*** Supplied material ***
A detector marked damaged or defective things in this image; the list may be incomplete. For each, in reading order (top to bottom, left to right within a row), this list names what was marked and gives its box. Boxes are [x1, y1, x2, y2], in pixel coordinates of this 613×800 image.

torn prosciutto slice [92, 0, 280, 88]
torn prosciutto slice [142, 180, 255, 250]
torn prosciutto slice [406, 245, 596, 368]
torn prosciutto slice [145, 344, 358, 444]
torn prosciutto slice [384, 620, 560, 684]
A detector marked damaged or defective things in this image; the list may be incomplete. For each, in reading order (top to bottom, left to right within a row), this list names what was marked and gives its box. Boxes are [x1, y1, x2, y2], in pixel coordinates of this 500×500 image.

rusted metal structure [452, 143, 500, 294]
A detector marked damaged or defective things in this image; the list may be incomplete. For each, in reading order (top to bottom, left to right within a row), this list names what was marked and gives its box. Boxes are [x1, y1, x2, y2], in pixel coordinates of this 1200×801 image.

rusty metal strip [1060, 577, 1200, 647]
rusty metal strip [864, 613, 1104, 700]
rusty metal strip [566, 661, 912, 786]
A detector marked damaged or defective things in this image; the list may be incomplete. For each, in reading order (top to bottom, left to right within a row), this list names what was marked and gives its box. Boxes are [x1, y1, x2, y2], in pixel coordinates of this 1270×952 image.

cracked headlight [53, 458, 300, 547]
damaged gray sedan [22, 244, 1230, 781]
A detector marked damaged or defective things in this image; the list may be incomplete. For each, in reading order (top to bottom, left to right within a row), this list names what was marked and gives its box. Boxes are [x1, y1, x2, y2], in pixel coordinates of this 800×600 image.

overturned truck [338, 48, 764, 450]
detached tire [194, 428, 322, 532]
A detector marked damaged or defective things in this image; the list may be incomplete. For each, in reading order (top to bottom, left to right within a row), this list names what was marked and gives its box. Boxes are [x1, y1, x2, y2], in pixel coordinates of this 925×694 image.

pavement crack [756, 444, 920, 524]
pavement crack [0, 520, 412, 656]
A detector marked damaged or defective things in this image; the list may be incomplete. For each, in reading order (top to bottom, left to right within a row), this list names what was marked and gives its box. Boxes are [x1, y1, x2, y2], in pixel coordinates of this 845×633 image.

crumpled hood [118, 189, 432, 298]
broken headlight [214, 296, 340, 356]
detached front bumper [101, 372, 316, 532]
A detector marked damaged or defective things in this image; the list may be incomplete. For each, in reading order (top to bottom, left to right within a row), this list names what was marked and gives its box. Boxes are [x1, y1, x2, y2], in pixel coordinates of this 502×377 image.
*** End of Supplied material ***
» Work instruction: When the line containing "this 800×600 image." is found in the records above, restate it and every later line word for word through the last one, and nothing more.

» Exercise response:
A detector marked damaged or defective things in this image; the list may be incomplete. For each, in reading order (top to bottom, left to right within a row), this list names what was marked and gives its box. Boxes are [x1, y1, x2, y2], in pixel coordinates of this 800×600 image.

overturned truck [338, 48, 764, 450]
detached tire [194, 428, 322, 532]
A detector marked damaged or defective things in this image; the list may be incomplete. For each, in reading order (top to bottom, left to right within a row), this list names what was marked and gives its box. Boxes are [x1, y1, x2, y2], in pixel coordinates of this 925×694 image.

pavement crack [756, 444, 920, 524]
pavement crack [0, 520, 412, 656]
A detector marked damaged or defective things in this image; the list may be incomplete. For each, in reading order (top to bottom, left to right within a row), this list names what was marked and gives its box. Boxes are [x1, y1, x2, y2], in pixel coordinates of this 845×633 image.

crumpled hood [118, 189, 432, 298]
broken headlight [214, 296, 340, 356]
detached front bumper [101, 372, 316, 532]
A detector marked damaged or defective things in this image; the list may be incomplete. For each, in reading order (top to bottom, left to right within a row), this list names what was marked and gives its box. Boxes are [x1, y1, x2, y2], in pixel coordinates of this 502×377 image.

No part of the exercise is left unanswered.